Indiana has no state estate or inheritance tax (repealed effective 2013). Federal estate tax exemption is $13.99M per person for 2025; succession planning for most Indiana family businesses isn't driven by federal estate tax but by income-tax basis planning, transition timing, and family dynamics.

Should the next generation buy in or be gifted in?

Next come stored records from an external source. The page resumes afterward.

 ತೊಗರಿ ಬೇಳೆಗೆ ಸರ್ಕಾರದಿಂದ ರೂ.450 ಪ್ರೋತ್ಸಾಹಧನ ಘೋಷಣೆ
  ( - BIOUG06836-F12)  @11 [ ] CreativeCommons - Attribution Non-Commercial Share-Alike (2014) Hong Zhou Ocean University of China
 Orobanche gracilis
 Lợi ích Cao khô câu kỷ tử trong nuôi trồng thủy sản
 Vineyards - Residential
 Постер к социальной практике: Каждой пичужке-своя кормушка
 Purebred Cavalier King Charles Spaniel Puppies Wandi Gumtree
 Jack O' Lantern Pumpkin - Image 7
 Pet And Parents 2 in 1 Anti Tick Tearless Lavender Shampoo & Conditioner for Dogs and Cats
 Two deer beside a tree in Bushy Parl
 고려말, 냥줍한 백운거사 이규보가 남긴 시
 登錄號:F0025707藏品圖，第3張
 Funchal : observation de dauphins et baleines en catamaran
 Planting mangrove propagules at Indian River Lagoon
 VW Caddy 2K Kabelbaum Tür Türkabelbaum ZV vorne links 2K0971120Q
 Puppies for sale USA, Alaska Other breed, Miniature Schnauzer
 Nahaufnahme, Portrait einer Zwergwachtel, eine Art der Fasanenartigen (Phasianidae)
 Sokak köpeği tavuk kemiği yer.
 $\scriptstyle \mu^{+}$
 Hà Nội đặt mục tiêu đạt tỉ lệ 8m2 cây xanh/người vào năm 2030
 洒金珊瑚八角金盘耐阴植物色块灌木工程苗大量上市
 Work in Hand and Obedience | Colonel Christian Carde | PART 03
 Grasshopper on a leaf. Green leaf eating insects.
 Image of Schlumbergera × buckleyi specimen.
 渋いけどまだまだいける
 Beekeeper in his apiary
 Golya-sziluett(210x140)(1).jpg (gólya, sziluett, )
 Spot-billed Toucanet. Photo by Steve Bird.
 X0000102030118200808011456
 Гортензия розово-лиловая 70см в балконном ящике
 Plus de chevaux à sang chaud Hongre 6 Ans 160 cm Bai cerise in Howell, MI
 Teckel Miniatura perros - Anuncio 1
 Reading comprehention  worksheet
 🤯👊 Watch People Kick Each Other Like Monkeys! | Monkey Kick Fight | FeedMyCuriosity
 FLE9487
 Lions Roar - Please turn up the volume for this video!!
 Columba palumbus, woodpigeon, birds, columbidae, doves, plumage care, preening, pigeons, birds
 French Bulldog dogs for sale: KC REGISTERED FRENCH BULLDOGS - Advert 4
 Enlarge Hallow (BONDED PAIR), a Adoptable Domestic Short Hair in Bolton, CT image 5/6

Depends on the dollar amount, the next gen's ability to pay, and family fairness across non-business kids. Pure gift is simple but uses gift-tax exemption. Pure sale forces the next gen to write checks. Most family transitions we structure are hybrid — gift part, finance part, with an earn-out tied to the business continuing to perform.

What's included

  • Exit-readiness diagnostic. Where you'd sell today, what gap exists to your target exit value, what to fix and in what order.
  • Valuation. CPA-prepared valuation for internal transactions (not a USPAP appraisal — see disclaimers).
  • Buy-sell agreement. Mechanism + funding (life insurance, sinking fund) for partner buy-outs and triggering events.
  • Family transfer modeling. Gift, sale, or hybrid transfer to next generation — tax modeled across years.
  • Deal-team coordination. We run the tax/financial seat and coordinate with your attorney and (if applicable) banker.

Common questions

Succession & Exit Planning — questions we get

Do you do business valuations?
We prepare valuations for internal purposes (succession planning, buy-sell pricing, lender requirements). For litigation, divorce, or third-party sale, USPAP-compliant appraisals from a credentialed business valuator are required — we refer.
What's an ESOP and is it right for us?
An ESOP is a qualified retirement plan that buys the business from the owner over time, with significant tax advantages. Best for businesses with $5M+ revenue, stable cash flow, and employees you want to reward. Not right for everyone — we'll model.
How do you handle non-business heirs in family transition?
Common challenge. Options include: equalizing with non-business assets (life insurance), giving non-business kids preferred stock, or structuring a buy-out where business heirs pay siblings over time. There's no universal right answer.
What's a buy-sell agreement and do I need one?
A contract between owners specifying what happens if one dies, becomes disabled, or wants out. Yes — every multi-owner business should have one. Funded with life insurance and/or sinking funds.
Can you help with the actual sale negotiation?
We participate as the tax/financial seat on the deal team. Negotiation leadership typically sits with an investment banker or business broker for third-party sales; for internal transfers, often with the attorney or our team.
What if I'm not sure whether to sell, transition, or shut down?
The exit-readiness diagnostic exists for that question. Sometimes the answer is "keep operating but build optionality" — and that's a valid plan.